I had the expectation I had reached a safe country - I was wrong
To speak about my own experience of the detention centre, Brook House, which I was in for 26-27 days... It was really difficult and painful for me. I really felt like I was suffocating. It seemed like time had stopped. Time was no longer passing for me. Imagine... it’s a horrible time, full of stress and fear… and time isn’t passing. Time is frozen. This feeling was suffocating me.
And this was after I had suffered so much on the way, after all the trials and challenges I had faced on the way. I came with the expectation that I had reached a safe country, a place where humans and human life is valued. So when I came and they took me to the detention centre… I felt like I had lost all hope.
I had lost all hope that there exists a country where there are people who will sit and at least listen to you, listen to your difficulties and the pain you have endured… and see whether there is even any breath for life left in you before trying to tell you about laws and regulations. To see whether you have any energy left to walk, to breathe.
Many asylum seekers, like me, are at the end of their tether when they reach here. They just need somewhere peaceful. They can’t deal with paperwork, police, officials, to be taken here and there and all of those games anymore. They are exhausted from all of that. They have dealt with so much mentally and psychologically that they just don’t have the strength to deal with that stuff anymore, like me. I couldn’t do it anymore. I couldn’t bare it anymore.
It was extremely, extremely hard for me there. It was painful.
I didn’t commit any crimes. I am just an asylum seeker.

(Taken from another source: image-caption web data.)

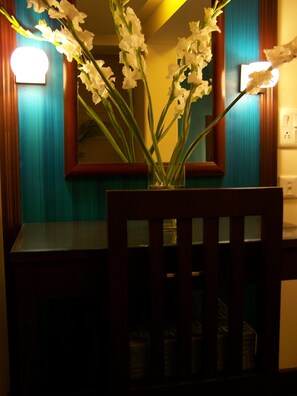 Deluxe Room | Interior detail
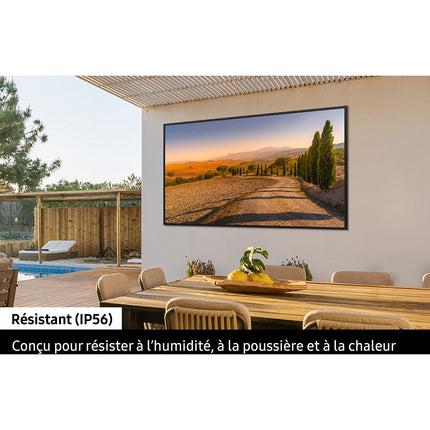 TV QLED SAMSUNG THE TERRACE TQ55LST7D 2025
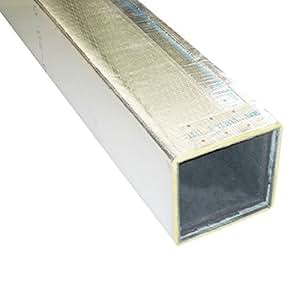 SPS-PD-6, Square 10"x10" Fiberboard Duct Systems Plenum ...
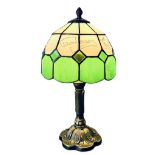 ONLY FOOLS & HORSES - TIFFANY STYLE LAMP FROM THE TROTTER FLAT - SIGNED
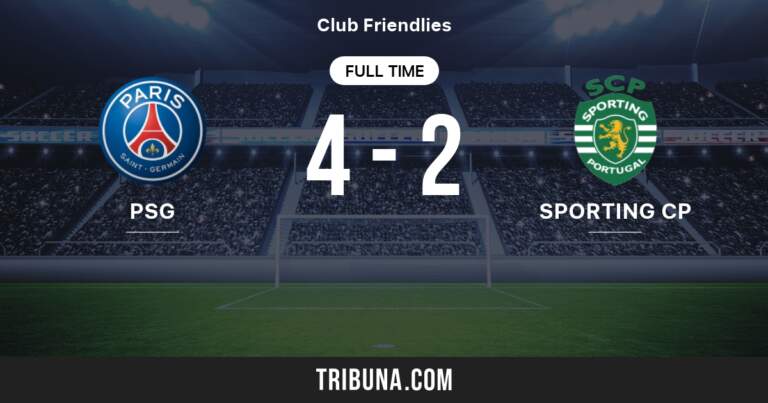 Sporting vs PSG: Clash of Two Football Giants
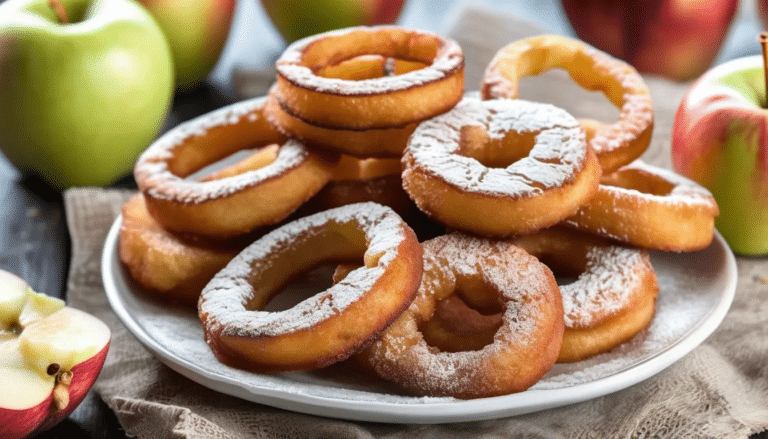 Fried Apple Rings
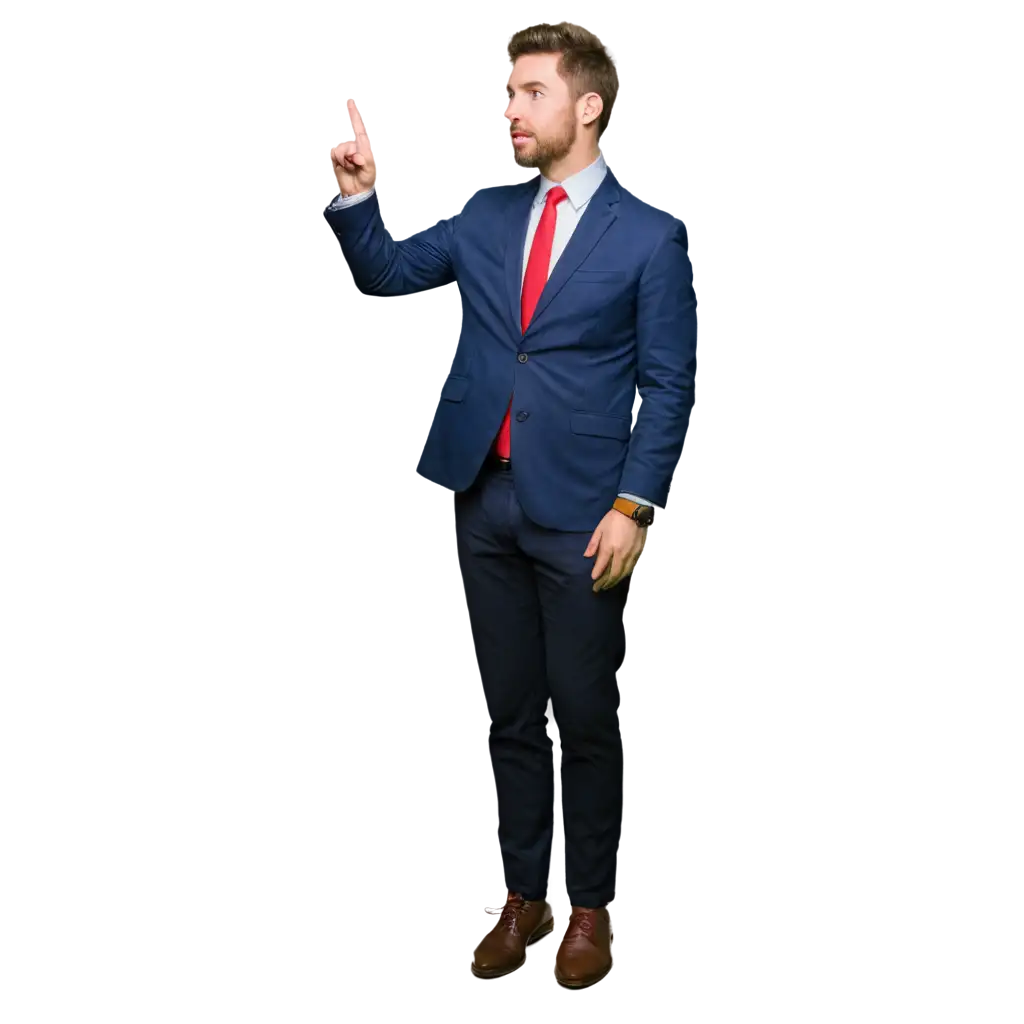 Political-Man-Pointing-to-the-Side-Dynamic-PNG-Image-Creation-Guide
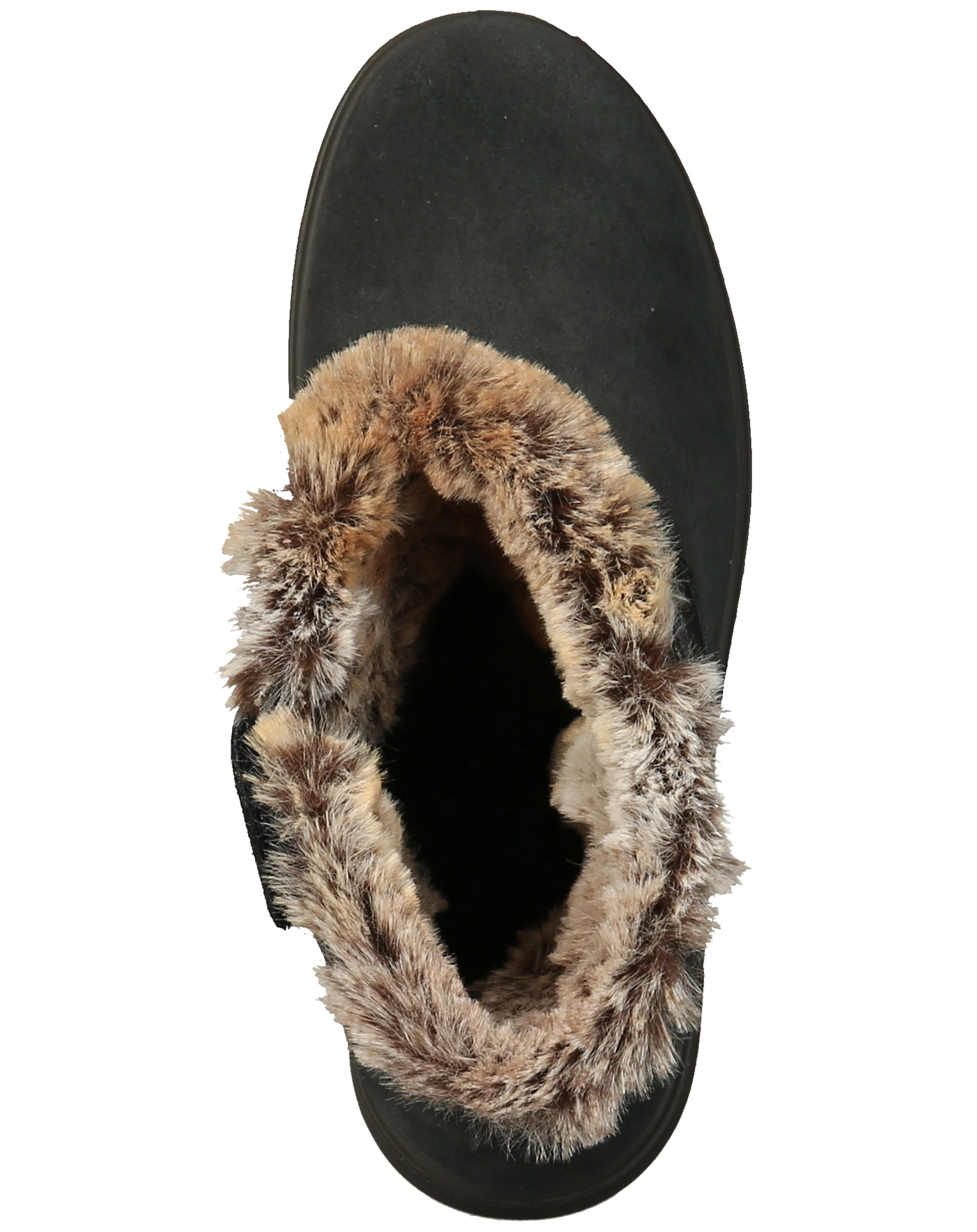 Winterstiefel NOTTE PUAGT gefüttert in nachtblau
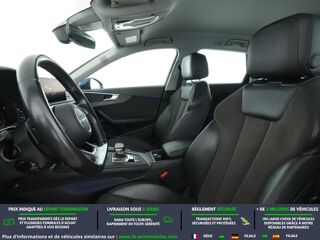 A4 V6 3.0 TDI 218 BVA 2017 occasion 31850 Beaupuy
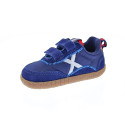 Zapatillas Munich zapatos Niño modelo Baby Koda 19 Azul Velcro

An asylum seeker does not commit any crime to be imprisoned and locked up the way we were. Being imprisoned made the pain I experienced on the way 100 times worse.
I could not sleep at night. When they locked me up in the cell, I would think back to the past experiences I had, I’d fall asleep and I’d immediately be startled awake by nightmares. And I would sit there, just waiting until I would finally fall asleep again. It was a very difficult period in my life.
I hope that this doesn’t happen to any other asylum seeker. I hope no other asylum seeker is imprisoned in the way I was and to endure that much pressure and stress.
I am thankful to all of you who helped us during this time. I hope that this won’t take place for any other asylum seeker in this country. I hope that no one is locked up for a long time. Again, I’m grateful that you have helped us during this time, and that you listen to our voices.